Reputation: 1201
I'm trying to parse argv
back into a single string to use for a system call.
The string shows up fine through the printf
call (even without the \0
terminator), but using it as a parameter to system creates all sorts of undefined behaviour.
How can I ensure the string is properly terminated?
Is there a better and more reliable way to go about parsing char[][]
into char[]
?
#include <stdio.h>
int main(int argc,char *argv[]){
char cmd[255]="tcc\\tcc.exe ";
char**ptr=argv+1;
while(*ptr){
strcat(cmd,*ptr);
++ptr;
if(*ptr)cmd[strlen(cmd)]=' ';
}
printf("cmd: ***%s***\n",cmd);
system(cmd);
}
I just discovered and corrected another flaw in this code, a system commands needs (escaped) backslashes for file paths
Upvotes: 0
Views: 867
Reputation: 57453
This instruction:
if(*ptr)
cmd[strlen(cmd)]=' ';
else
cmd[strlen(cmd)]='\0';
will break cmd
, because it will overwrite its zero termination.
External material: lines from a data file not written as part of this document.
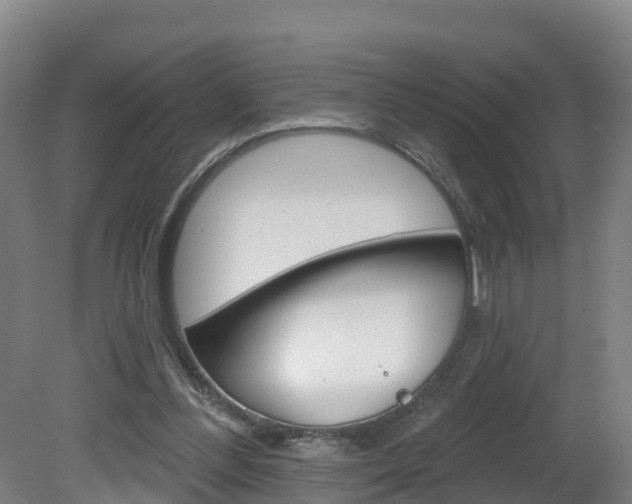 X0000082180300200701191059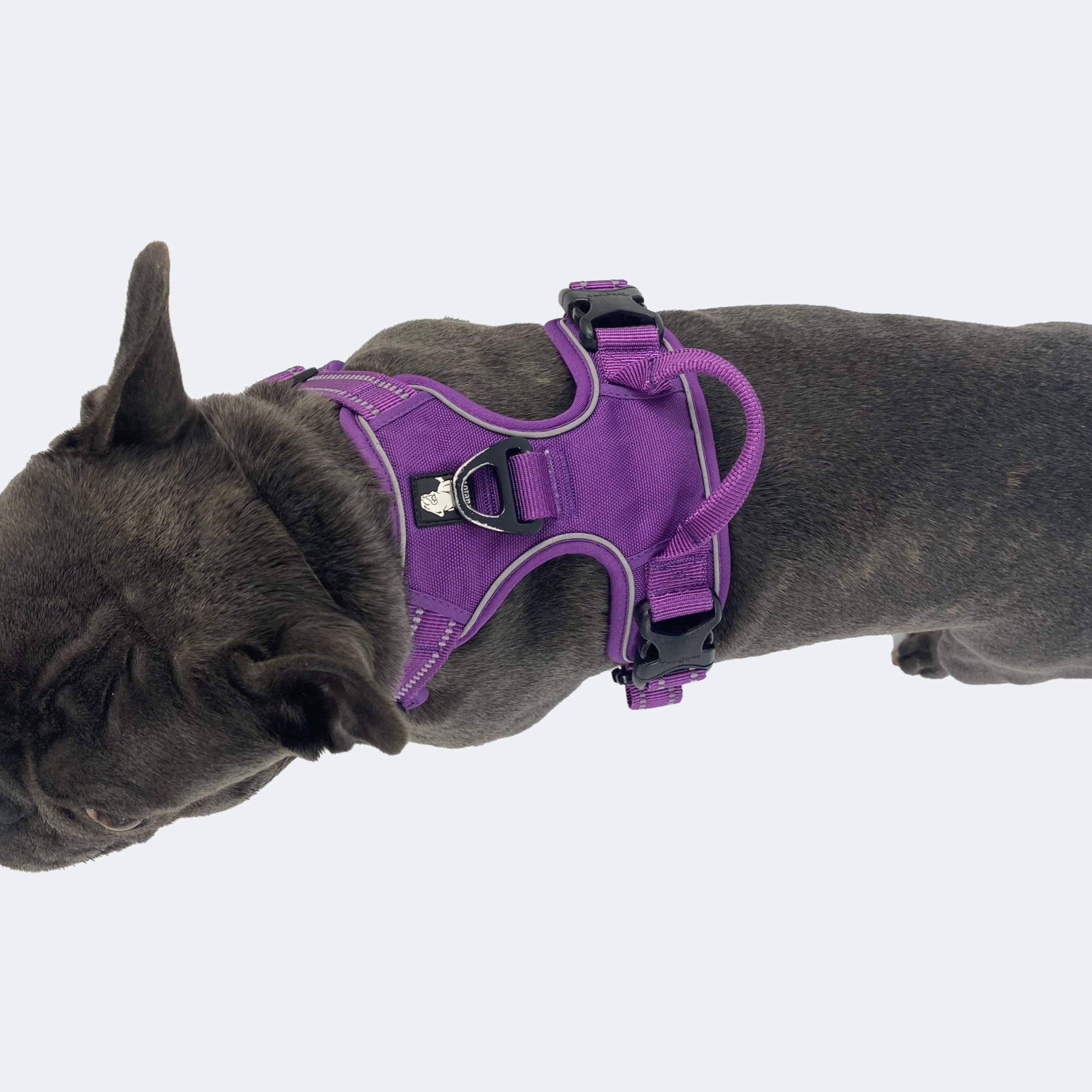 All Weather Reflective Nylon French Bulldog Harness - Model wearing Purple
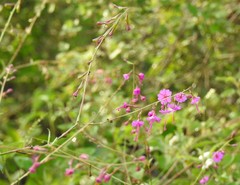 Cyphomeris gypsophiloides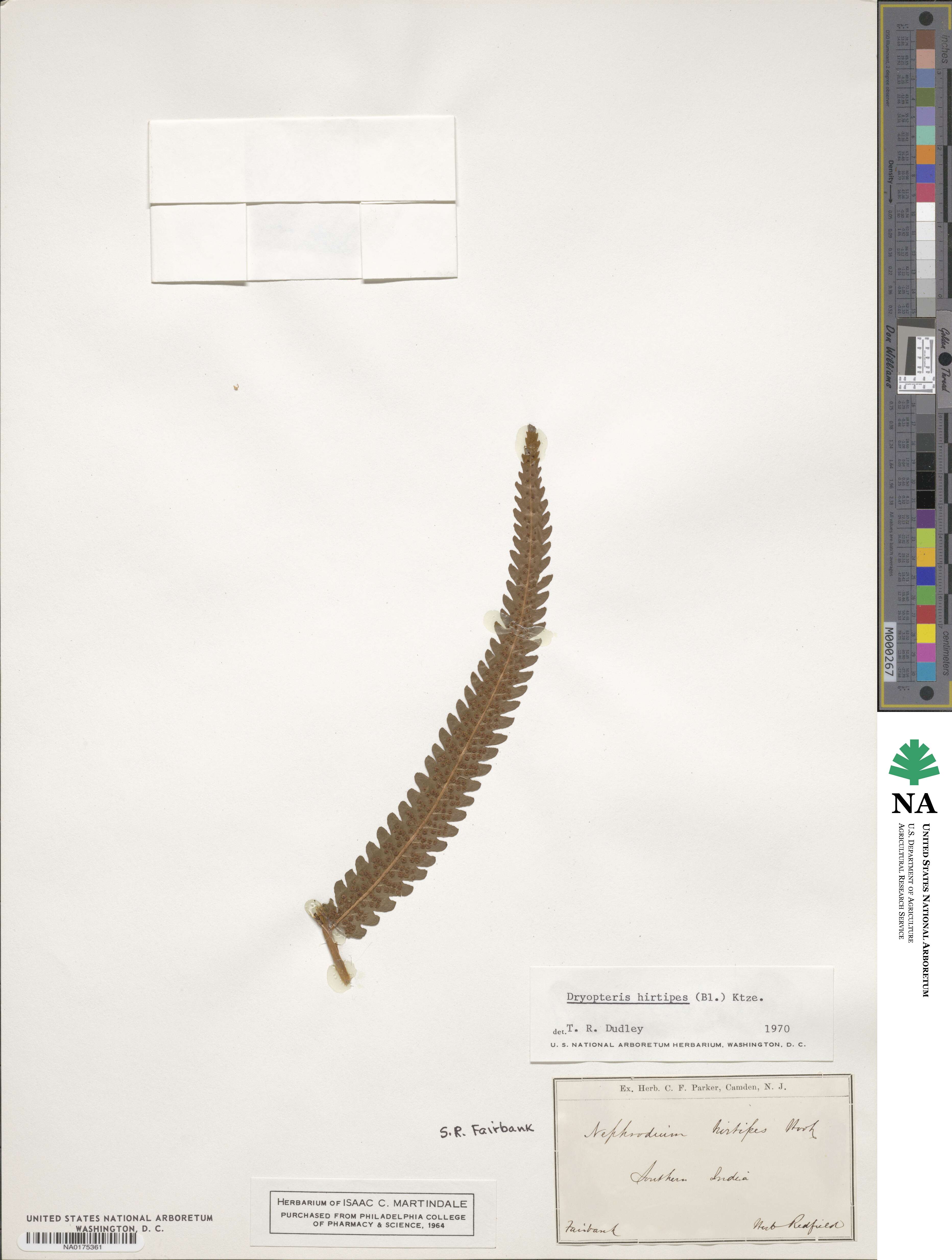 Dryopteris hirtipes image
Try instead:
l = strlen(cmd);
if (*ptr) {
cmd[l++] = ' ';
}
cmd[l] = 0x0;
This will append a space, and zero terminate the string. Actually, since it is already zero terminated, you could do better:
if (*ptr) {
int l = strlen(cmd);
cmd[l++] = ' ';
cmd[l ] = 0x0;
}
A better alternative could be this:
int main(int argc, char *argv[])
{
char cmd[255]="tcc/tcc.exe";
char **ptr=argv+1;
for (ptr = argv+1; *ptr; ptr++)
{
strncat(cmd, " ", sizeof(cmd)-strlen(cmd));
strncat(cmd, *ptr, sizeof(cmd)-strlen(cmd));
}
printf("String: '%s'.\n", cmd);
return 0;
}
We use strncat()
to check that we're not overrunning the cmd
buffer, and the space gets applied in advance. This way there's no extra space at the end of the string.
It is true that strncat()
is a mite slower than directly assigning cmd[]
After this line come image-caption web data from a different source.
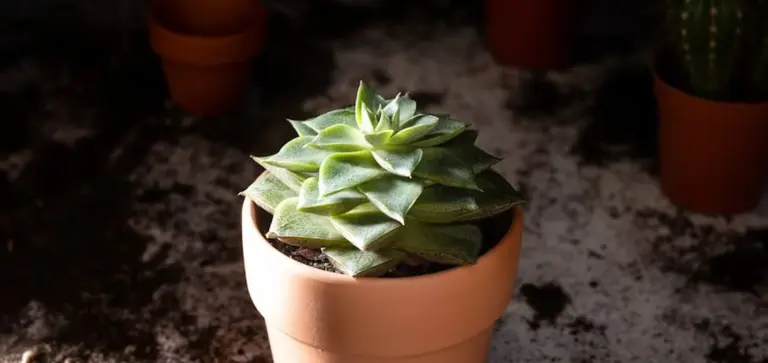 Close-up of a green rosette succulent in a terracotta pot on a dark speckled surface, with blurred small pots in the background.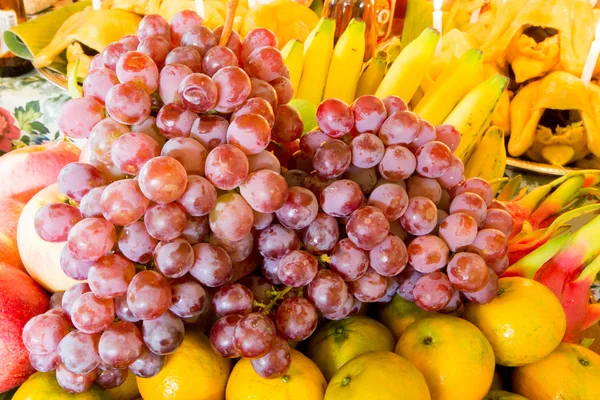 Citrusfélék, szőlő, alma, banán, kókuszdió. — Stock Fotó
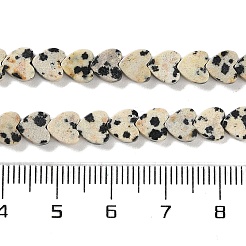 Natural Dalmatian Jasper Beads Strands&nbsp;G-M403-A31-02
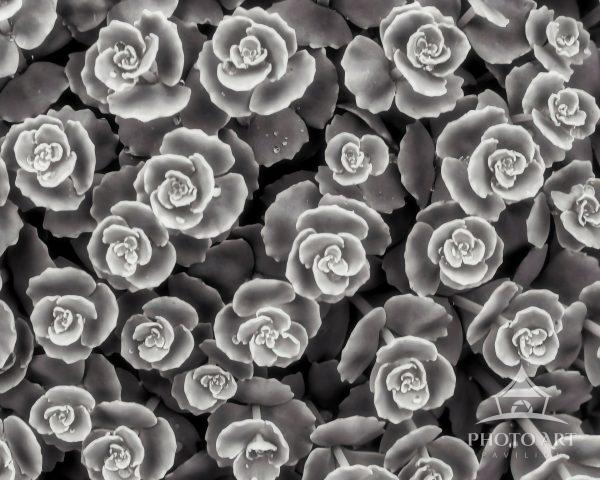 A high-contrast black and white monochrome photograph capturing a dense overhead cluster of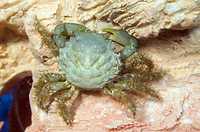 picture of Emerald Crab Sml                                                                                     Mithrax sculptus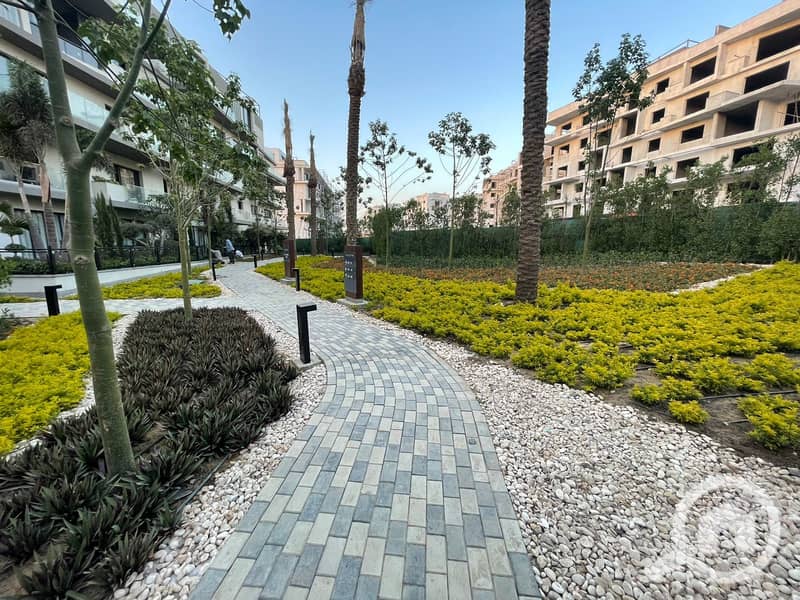 3 231d69f1-6621-4b34-b3ad-817c60348953. jpg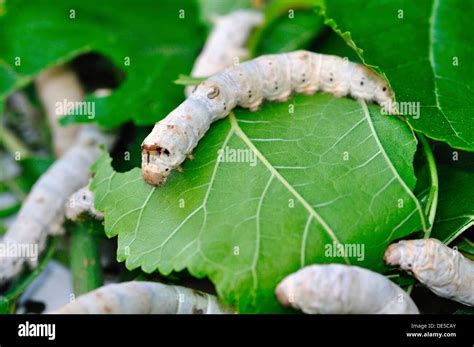 Bombyx Mori Silkworm Moth Stock Photo Alamy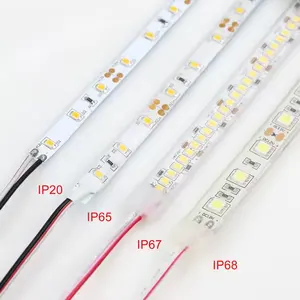 Desain baru DC 12 24v SMD 2835 strip led 3000k 4000k 6000k disesuaikan kelas tahan air Cerdas led fleksibel lampu strip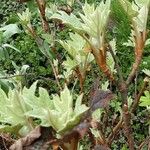 Hydrangea quercifolia Schors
, but factoring the safety and debugging time, I think it's worthwhile.
OK, so let's try to do this fast. We keep track of what cmd
's length ought to be in a variable, and copy the string with memcpy()
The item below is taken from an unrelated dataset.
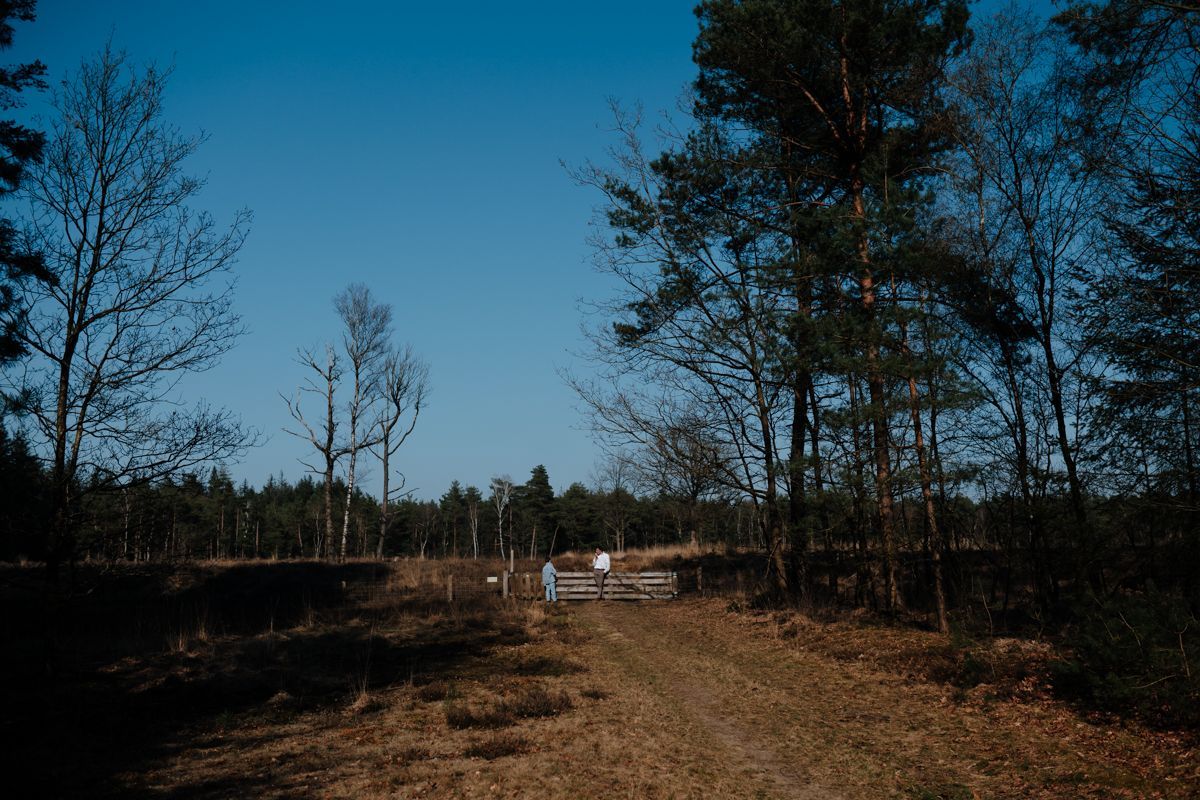 Wandeling op de Doldersumerheide: inspiratie voor een fotoshoot in Drenthe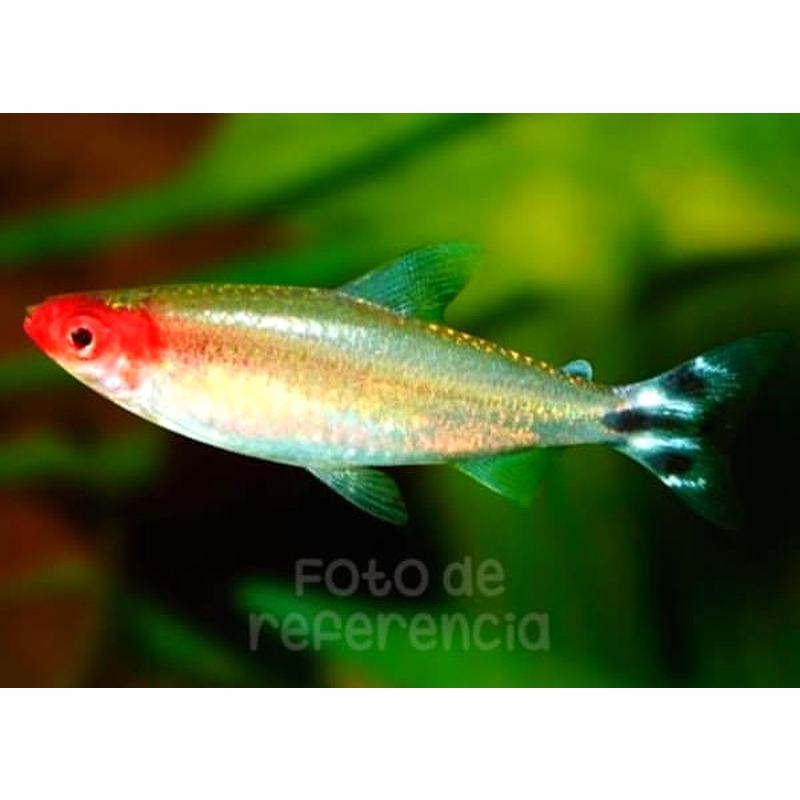Tetra Borrachito x 12 (Hemigrammus rhodostomus)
which is slightly faster than strcpy()
and does neither check string length, nor copy the extra zero at end of string.
(This saves something - remember that strcat()
has to implicitly calculate the strlen
of both its arguments. Here we save that).
int main(int argc, char *argv[])
{
#define MAXCMD 255
char cmd[MAXCMD]="tcc/tcc.exe";
int cmdlen = strlen(cmd);
char **ptr=argv+1;
for (ptr = argv+1; *ptr; ptr++)
{
/* How many bytes do we have to copy? */
int l = strlen(*ptr);
/* STILL, this check HAS to be done, or the program is going to crash */
if (cmdlen + 1 + l + 1 < MAXCMD)
{
/* No danger of crashing */
cmd[cmdlen++] = ' ';
memcpy(cmd + cmdlen, *ptr, l);
cmdlen += l;
}
else
{
printf("Buffer too small!\n");
}
}
cmd[cmdlen] = 0x0;
printf("String: '%s'.\n", cmd);
return 0;
}
It is possible to try and be smarter than the compiler's usually built-in strlen
and memcpy
instructions (file under: "Bad ideas"), and do without strlen() altogether. This translates into a smaller inner loop, and when strlen
and memcpy
are implemented with library calls, much faster performances (look ma, no stack frames!).
int main(int argc, char *argv[])
{
#define MAXCMD 254
char cmd[MAXCMD+1]="tcc/tcc.exe";
int cmdlen = 11; // We know initial length of "tcc/tcc.exe"!
char **ptr;
for (ptr = argv+1; *ptr; ptr++)
{
cmd[cmdlen++] = ' ';
while(**ptr) {
cmd[cmdlen++] = *(*ptr)++;
if (MAXCMD == cmdlen)
{
fprintf(stderr, "BUFFER OVERFLOW!\n");
return -1;
}
}
}
cmd[cmdlen] = 0x0;
printf("String: '%s'.\n", cmd);
return 0;
}
Shamelessly cribbed from many a lecture I received from professors I thought shortsighted, until they were proved right each and every time.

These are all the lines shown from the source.